Park Jin Hee, Park Hyun Ho
School of Biotechnology and Graduate School of Biochemistry, Yeungnam University, Gyeongsan, Republic of Korea.
Acta Crystallogr Sect F Struct Biol Cryst Commun. 2013 Apr 1;69(Pt 4):435-7. doi: 10.1107/S1744309113005642. Epub 2013 Mar 28.
The CARMA1 signalosome, which is composed of CARMA1 [caspase recruitment domain (CARD) containing MAGUK protein 1], BCL10 (B-cell lymphoma 10) and MALT1 (mucosa-associated lymphoid tissue lymphoma translocation protein 1), is a molecular-signalling complex that performs pivotal functions in T-cell receptor (TCR) and B-cell receptor (BCR) mediated NF-κB activation. In this study, the CARD domain of human CARMA1 (CARMA1 CARD), corresponding to amino acids 14-109, was overexpressed in Escherichia coli using an engineered C-terminal His tag. CARMA1 CARD was then purified to homogeneity and crystallized at 293 K. Finally, X-ray diffraction data were collected to a resolution of 3.2 Å from a crystal belonging to space group P2(1)2(1)2(1) with unit-cell parameters a = 45.73, b = 53.37, c = 91.89 Å.
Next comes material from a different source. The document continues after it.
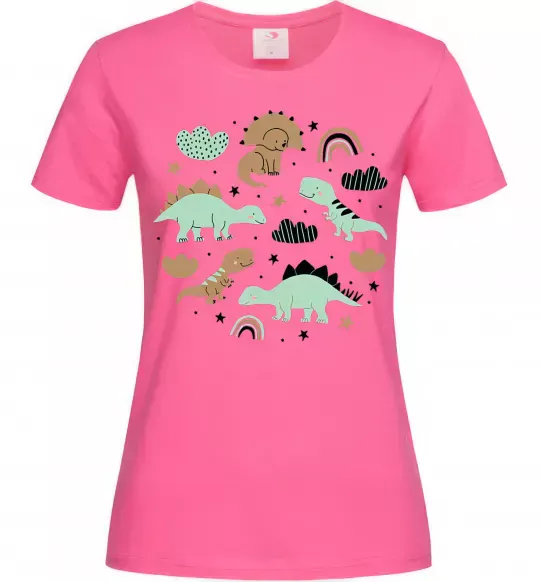 Женская футболка Dino round Ярко-розовый фото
CARMA1信号小体由CARMA1(含半胱天冬酶招募结构域的膜相关鸟苷酸激酶蛋白1)、BCL10(B细胞淋巴瘤10)和MALT1(黏膜相关淋巴组织淋巴瘤易位蛋白1)组成,是一种分子信号复合物,在T细胞受体(TCR)和B细胞受体(BCR)介导的NF-κB激活中发挥关键作用。在本研究中,人CARMA1的CARD结构域(CARMA1 CARD,对应于氨基酸14 - 109)使用工程化的C末端组氨酸标签在大肠杆菌中过表达。然后将CARMA1 CARD纯化至同质,并在293 K下结晶。最后,从属于空间群P2(1)2(1)2(1)、晶胞参数a = 45.73、b = 53.37、c = 91.89 Å的晶体收集到分辨率为3.2 Å的X射线衍射数据。